The 400 pictures are single photo-booth images rephotographed, multiplied times four and arranged in squares, then fitted together in framed grids of 100 squares each, adding up to a regular rogue's gallery of unprepossessing little women. (The extra four are blown-up pictures of her with her hair closely shaved to accommodate a truly exorbitant supply of wigs.) Her expressions run up and down the scale from blunt to dour to lost, angry, kittenish, babyish, sheepish, dimpling and scholarly, without stopping at forthrightly sexy or openly smiling. In one incarnation she wears what looks like a bifurcated mop on her head, another time she looks like an unmade bed, once she approximates a kitsch Japanese bobble-head doll and yet another time she has obviously smelled something bad in the booth.

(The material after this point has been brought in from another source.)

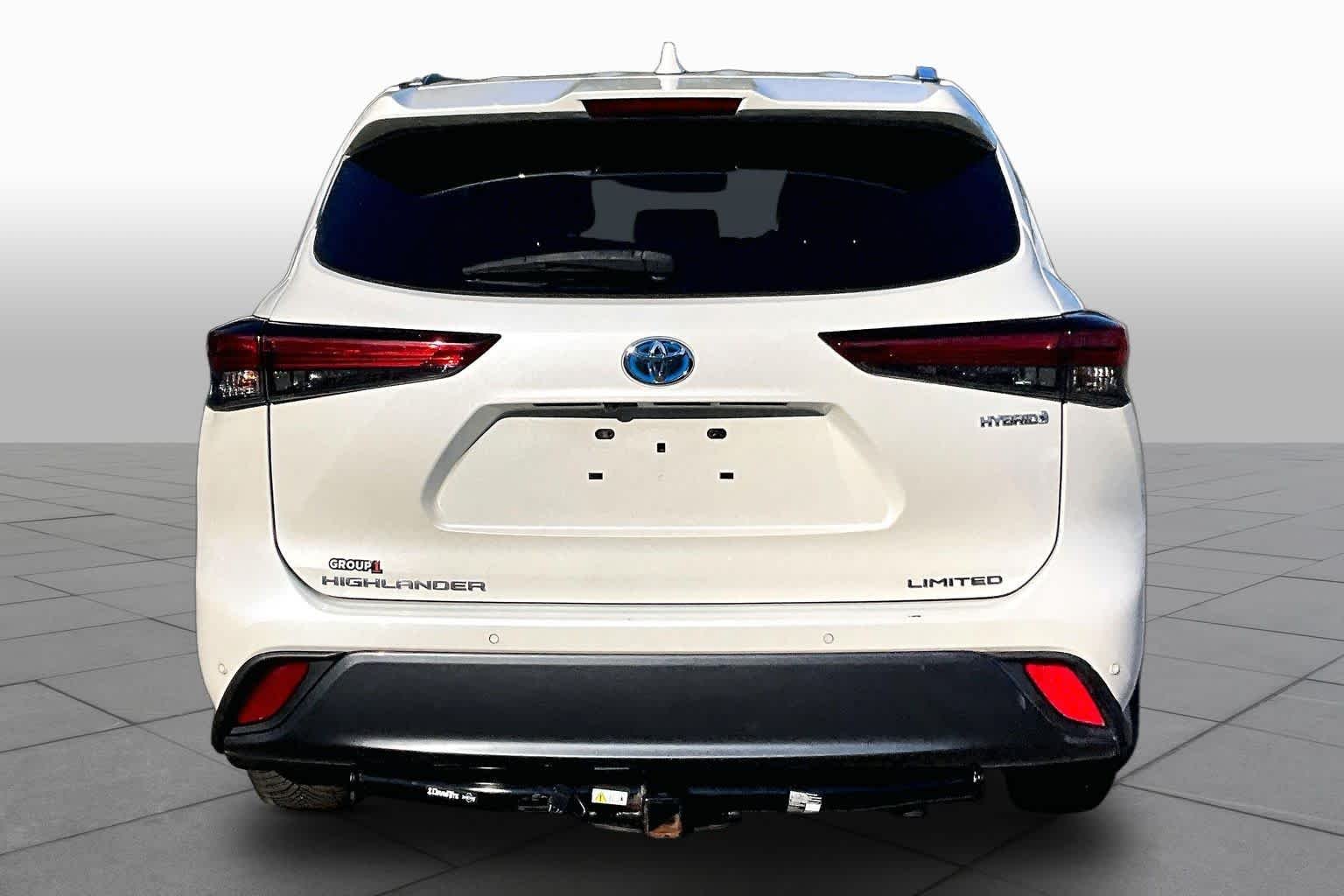 Used 2021 Blizzard Pearl Toyota Hybrid Limited image 5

For all their deadpan solemnity, these 400 characters in search of an identity are really delightfully silly - chuckle-headed, you might say. How can a single face (or even a single mind) change that much, even if half the changes are ridiculous? The C.I.A. ought to hire this woman.

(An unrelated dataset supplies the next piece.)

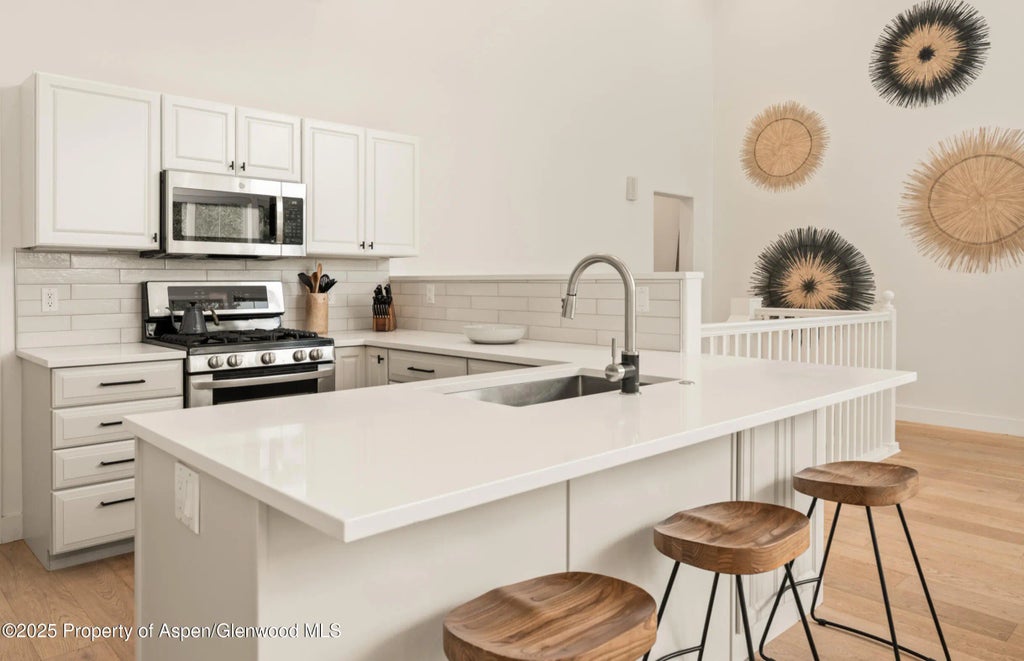 7 of 27 - 545 Evans Court, Basalt, CO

Ms. Sawada also slyly comments on portrait studios in a series that takes off on the diminishing but still extant Japanese tradition of arranged marriages, in which formal portraits of potential brides are presented by the woman's parents to other families in the hope of finding a suitable groom. She went to a professional studio 30 times as different women, posing in front of a tilted heart. (Did the photographer think he was abetting a fraud or a desperate wallflower?) Sometimes she went traditional and basically demure in a kimono, her mitten-sock toes in sandals delicately pointed inward, looking prim or giggly, smiling or coquettish. Other times she went modern, with blond hair or high boots, platforms, or chunky shoes, once all in black from head to toe with a rose under her chin, once in a pink hat, pink dress, pink gloves, pink stockings and shoes. Kind of makes you wonder what that fetching woman you saw on the Internet dating service really looks like. But with any luck Ms. Sawada should get a host of suitors from these pictures. Whatever will they look like?
Incidentally, there's a booth in the Griffin Museum gallery, so you too can practice the art of photoboothery. I did, and I liked the picture better than many another of me. Just think what I could have done with a wig and a change of clothing.